Curry v. Falkner

51 Ala. 564 | Ala. | 1874

B. F. SAFFOLD, J.

Error is shown in the decree pro confesso against the non-resident, Curry. The proper execution of an order of publication is specifically sét out in the 22d rule of chancery practice. R. C. p. 826. One of the essential requisites is, that a copy of the order shall be sent by mail to the defendant, where his residence is shown by the bill or affidavit, within twenty days from the making of said order. The authority to make the order is dependent upon the affidavit of the complainant, or his agent, which must state, not alone the affiant’s belief of the non-residence of the defendant, but of his age, whether over or under twenty-one years, and his residence, or that they are unknown. The affidavit in this case recites, that the affiant “ knows from reputation, and believes, that he (Curry) settled in the State of Texas, and has ever since remained there,” &c.; but says nothing more definite as to his place of residence, or whether it is known to him or not. Neither the order of publication, nor the decree pro confesso, presents any evidence that notice was attempted to be given to Curry by mail, or that his place of residence was unknown. The defendant, Curry, was entitled to notice by mail, if the complainant knew his place of residence. If it was not known, it ought to have been so stated in the affidavit. The 22d rule requires it.

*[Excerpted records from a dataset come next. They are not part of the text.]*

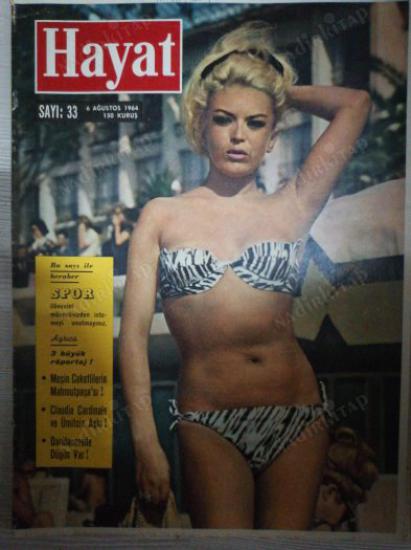 HAYAT DERGİSİ - 6 Ağustos 1964 Sayı:33 - Eyüp Han , Şah Rıza Pehlevi Cemal Gürsel İstanbul’da  Orta Sayfa Posteri : Hamidiye İskenderiyede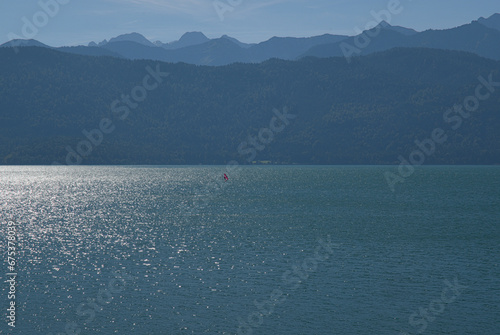 Gleißendes Sonnenlicht am oberbayrischen Walchensee vor Karwendel-Kulisse. Bayern, Deutschland 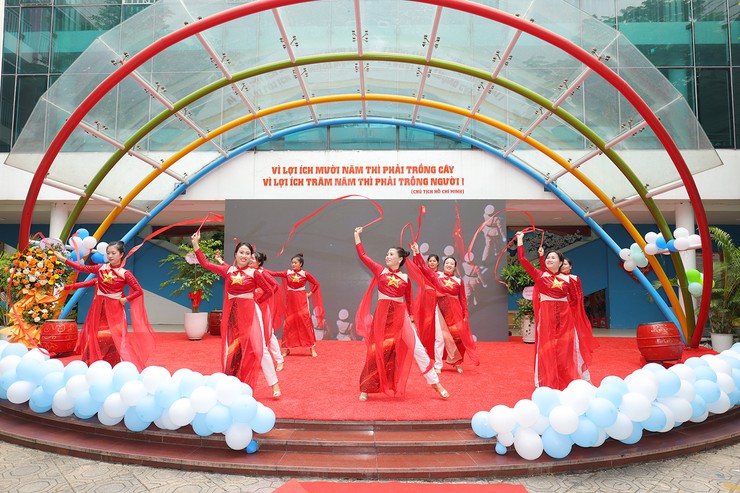 Ngày hội khai trường tại phường Thanh Xuân: Tinh gọn, trọn vẹn và lấy học sinh làm trung tâm - Ảnh 16.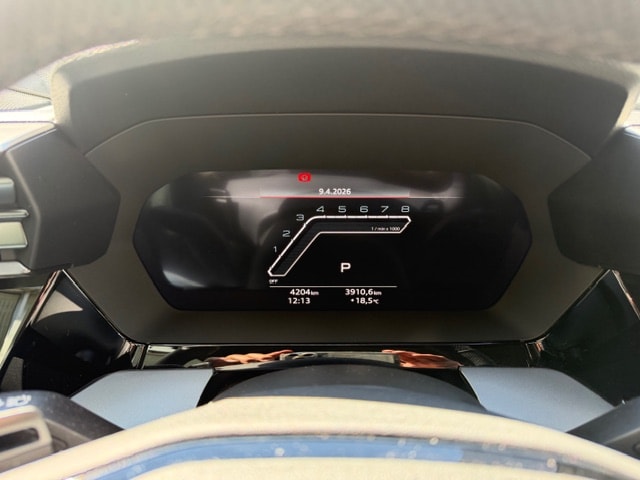 AUDI RS3 Sportback 2.5 TSI quattro S-tronic-image-12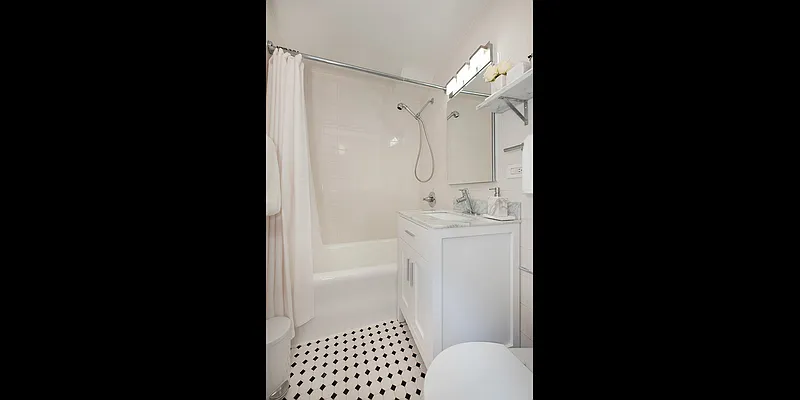 Rented by Sumitomo Real Estate Sales | media 5
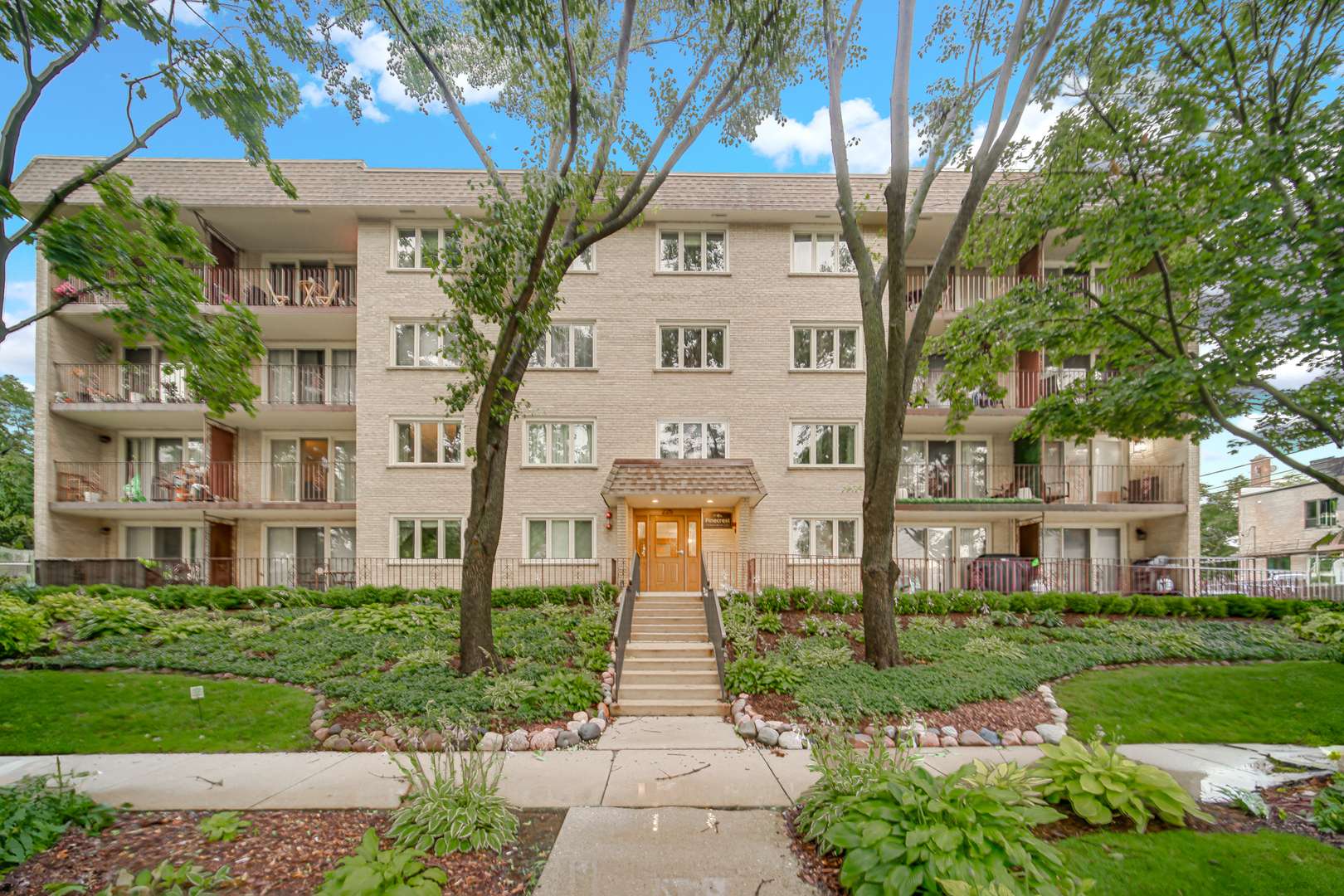 225 E Wing ST #302, Arlington Heights, IL 60004
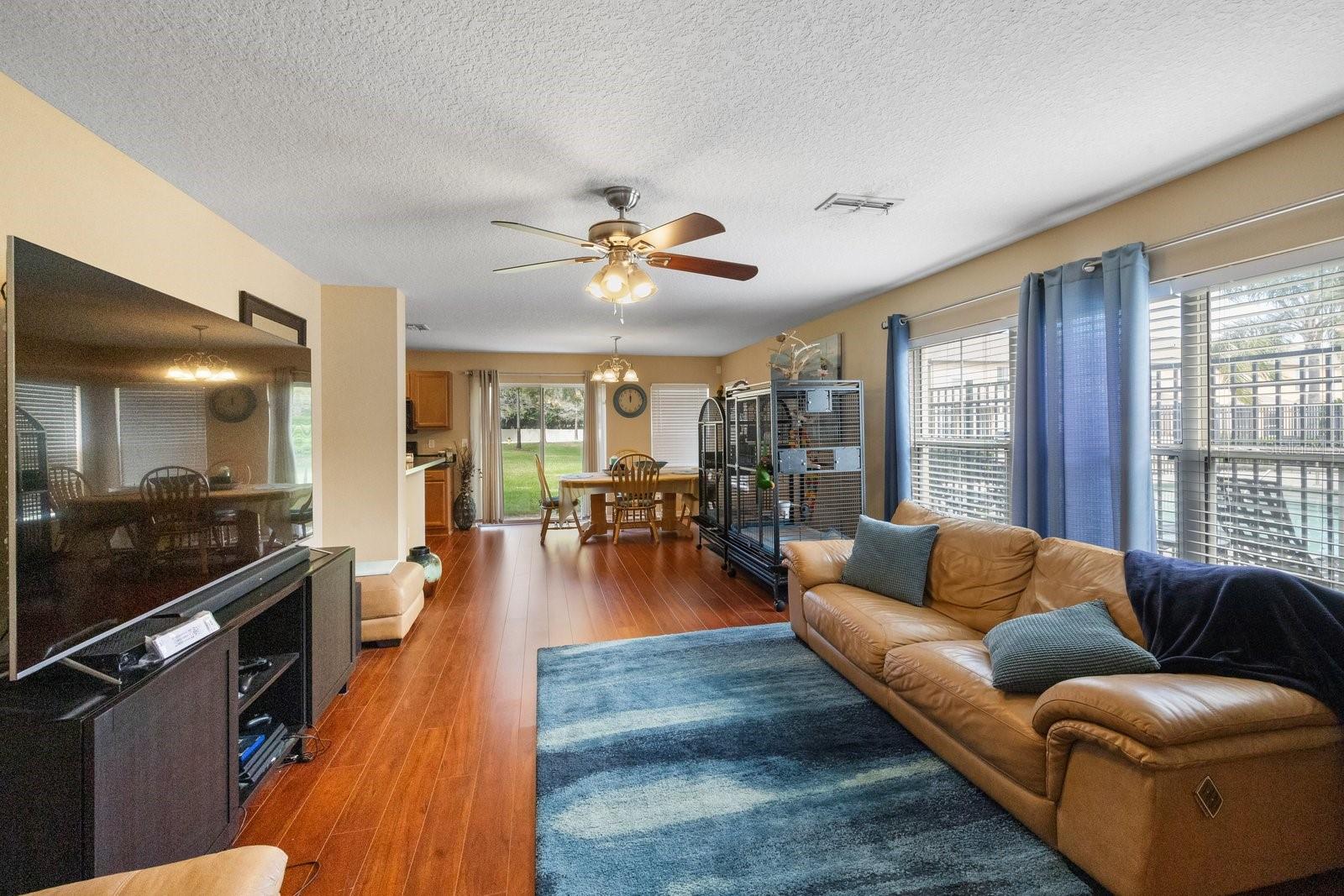 4564 LIMERICK DR, TAMPA, FL, 33610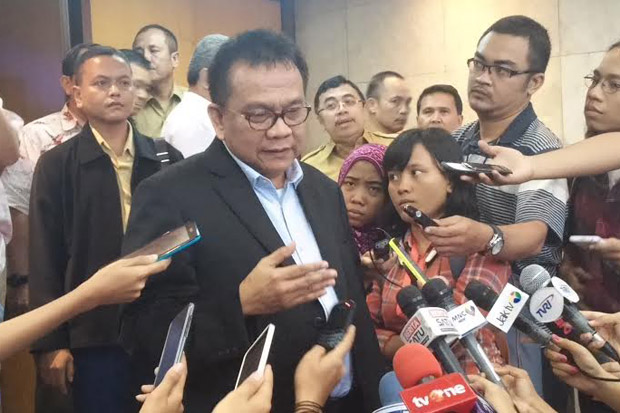 Taufik Yakin Seluruh...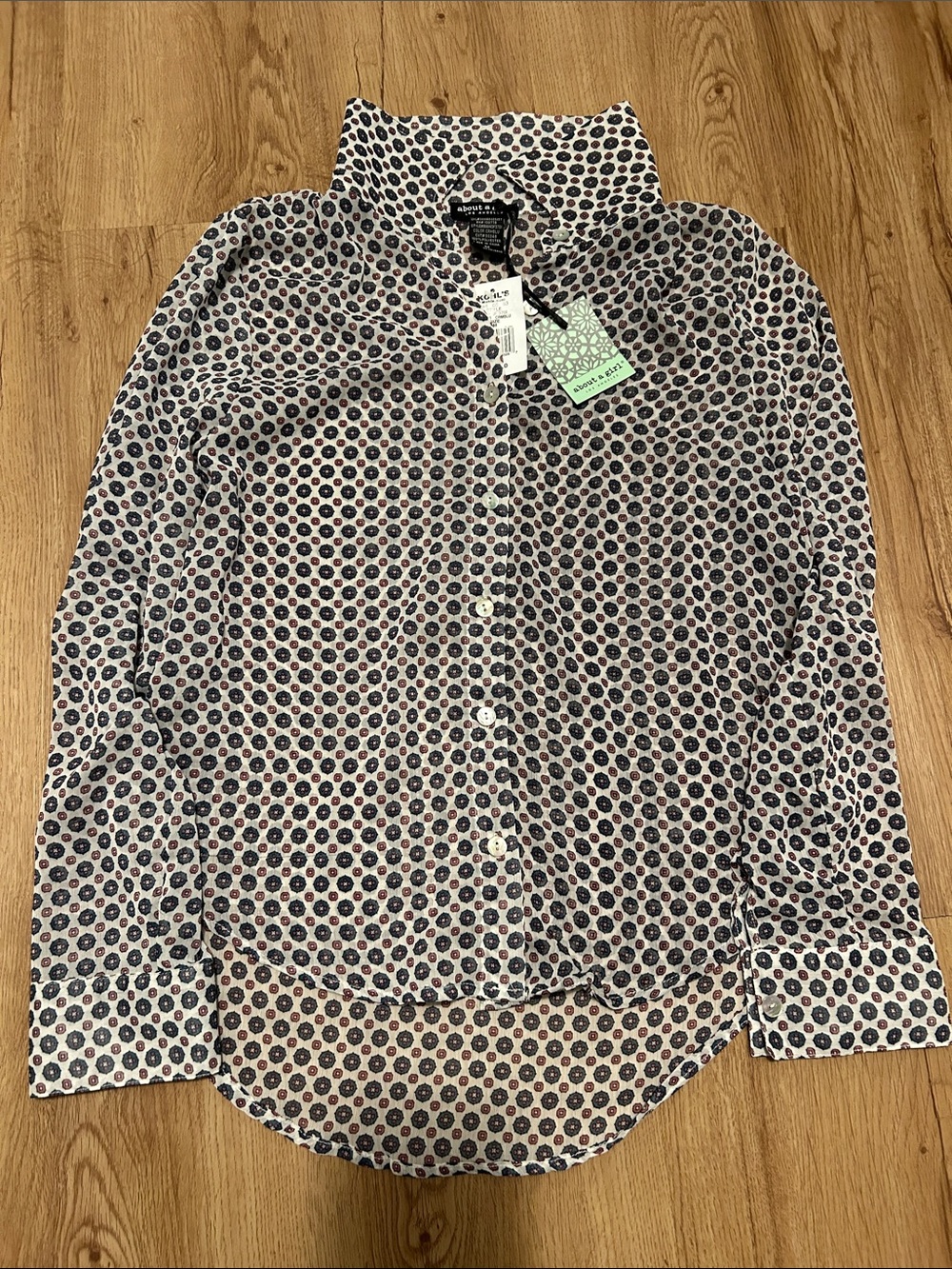 NWT Medium About a Girl Sheer Collared Button-Up with Navy and Burgundy Print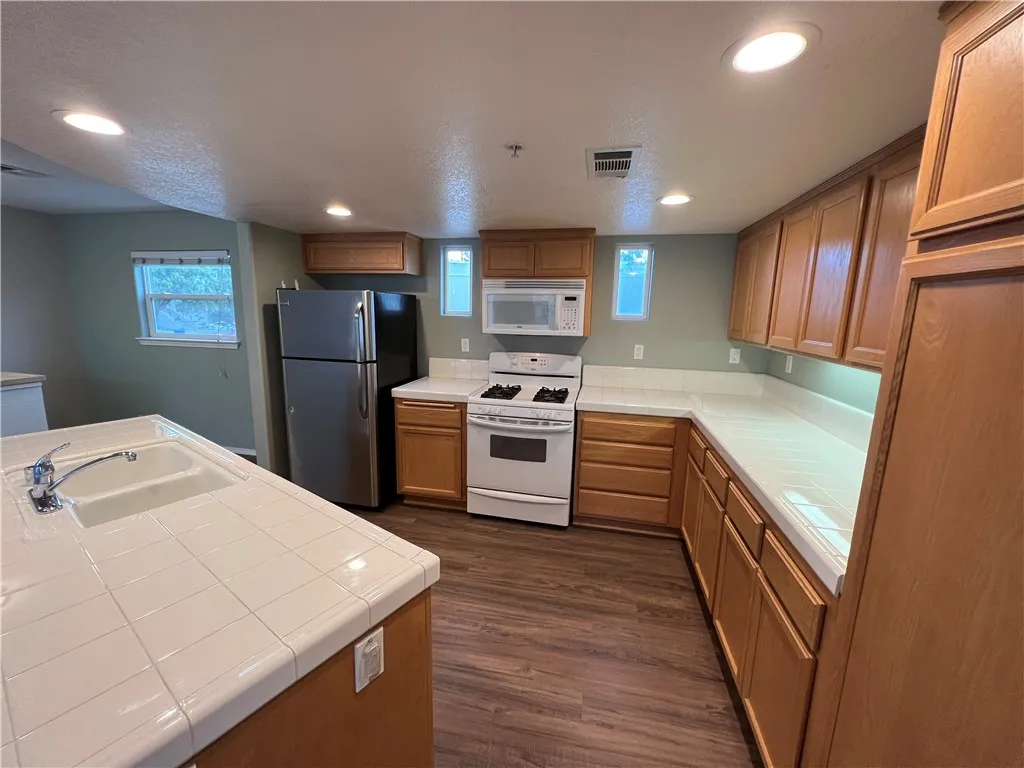 1144 Walnut, San Luis Obispo, California 93401 — photo 4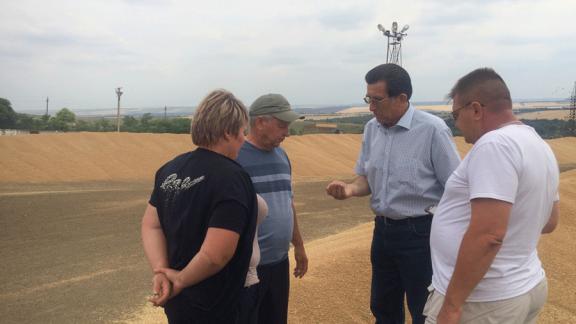 В Александровском районе уборка в разгаре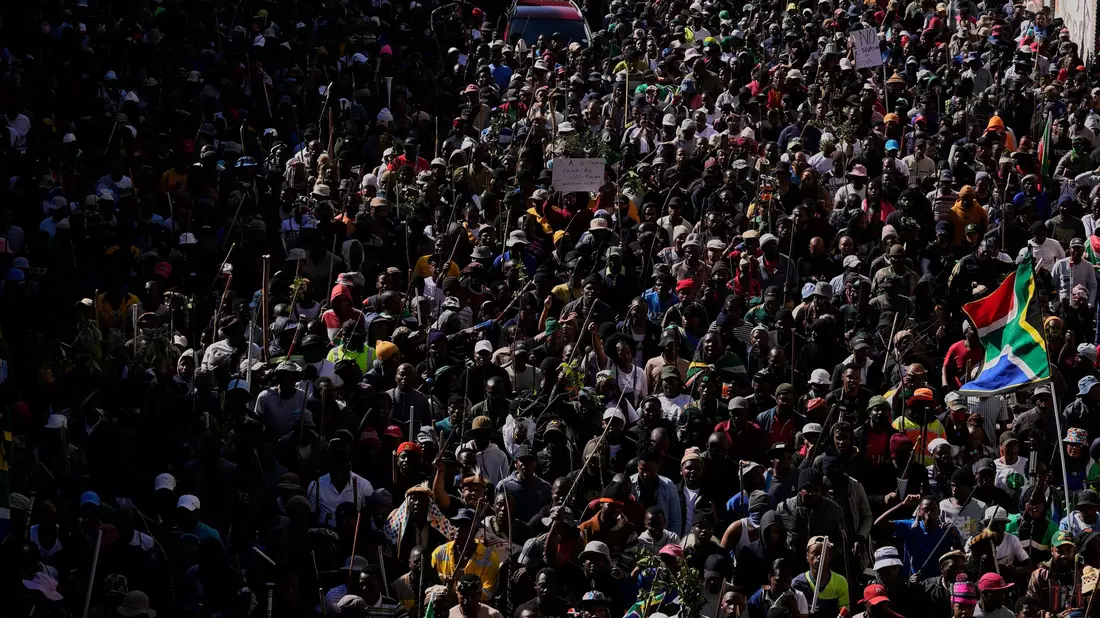 Tausende protestierten gegen illegale Migranten.  - Bild: Themba Hadebe/AP/dpa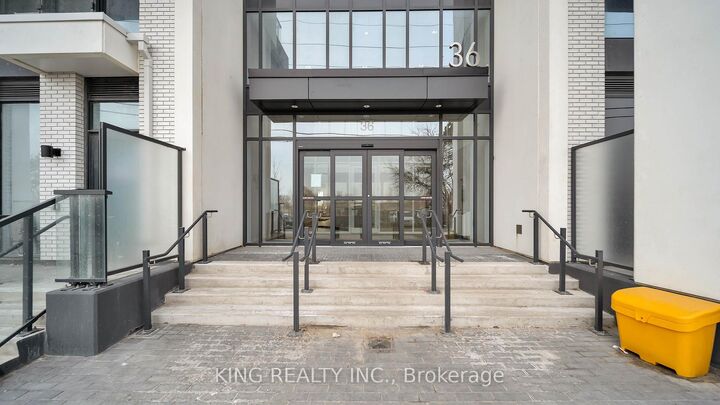 Property Photo:  36 Zorra Street 515  ON M8Z 0G5 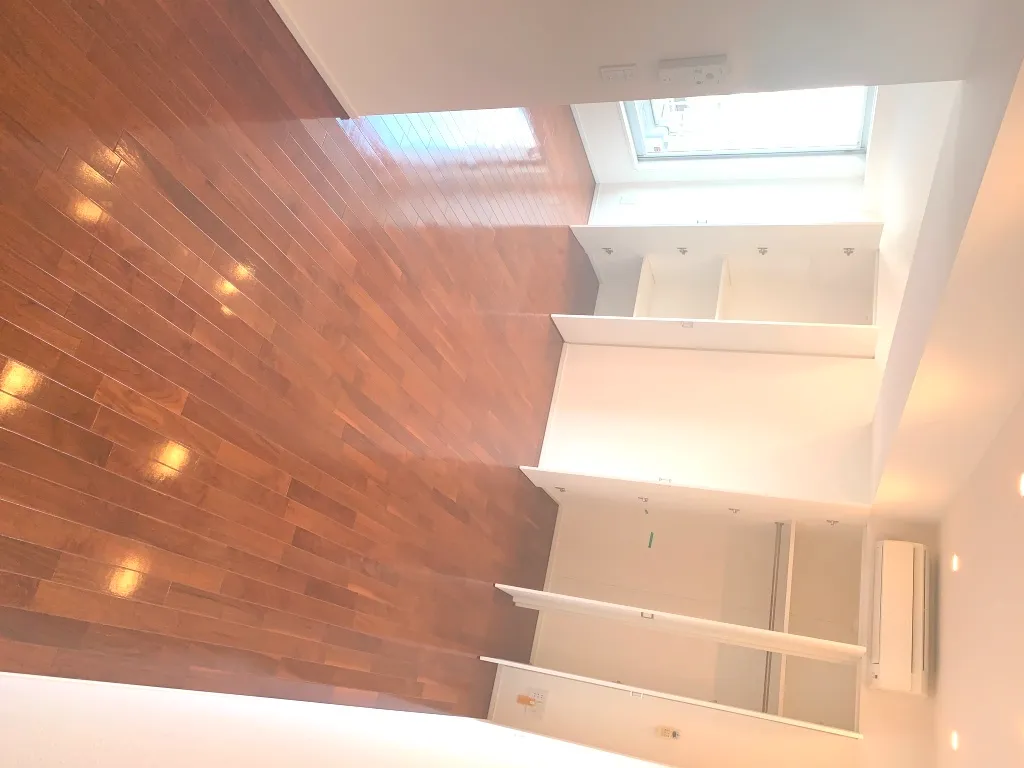 Residence Shirokane Colore - Interior - ["Brown", "Wood", "Window"]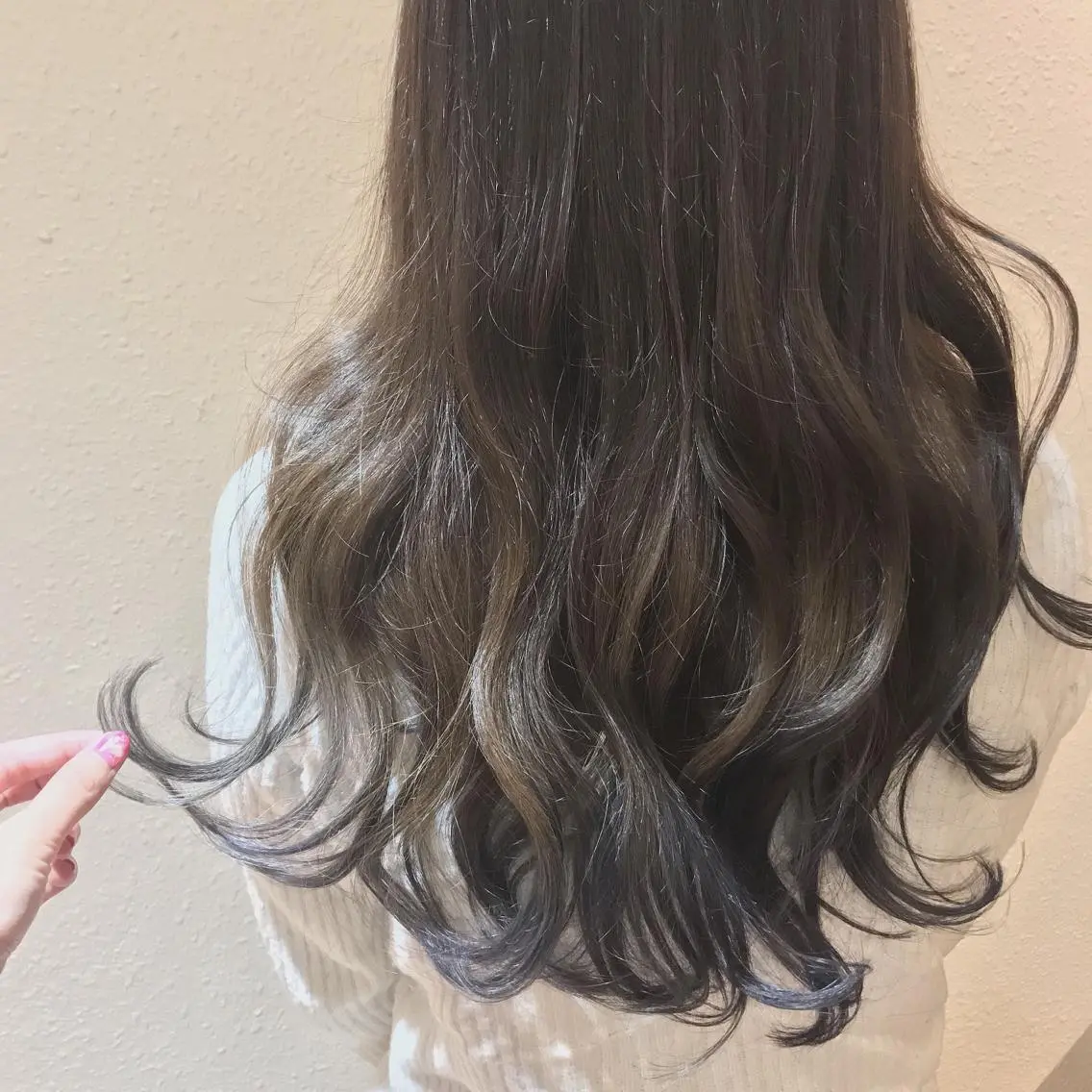 ロング カラー ブリーチ ブルーカラー 透明感カラー グラデーションカラー パープルカラー 山本 舞のヘアスタイル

Whether Curry was an indispensable party or not, he was a proper party; and the complainant having elected to join him, he cannot now avoid the consequences of a defective service. Batre v. Auze, 5 Ala. 173.

The testimony is indefinite, and contradictory. It is not shown whether Kent made a deed to Curry or not. But perhaps the presumption would be, that he did. Wise says, he *566was surety on both of the notes given by Curry to Kent for the purchase-money, and that each was for $1,200, one of which Curry exhibited, and surrendered to him as paid, when he purchased from him; and the other he subsequently paid by agreement with Curry. If this be so, his claim to be considered a purchaser without notice is made out, as there is no evidence to the contrary. But Kent, agreeing with him in respect to the second note, says, that the first mentioned was for $1,000, which he gave up to Curry in lieu of two others each for $500 executed under an agreement between them. The inference from his testimony is, that this first note of $1,000 was without surety, though he does not expressly say so. What has become of the other $500 note? What did Wise do with the $1,200 note turned over to him by Curry, in proof of its payment? As the decree must be reversed for want of proper notice to the defendant, Curry, perhaps, on another hearing, the testimony may be made more satisfactory.

The decree is reversed, and the cause remanded.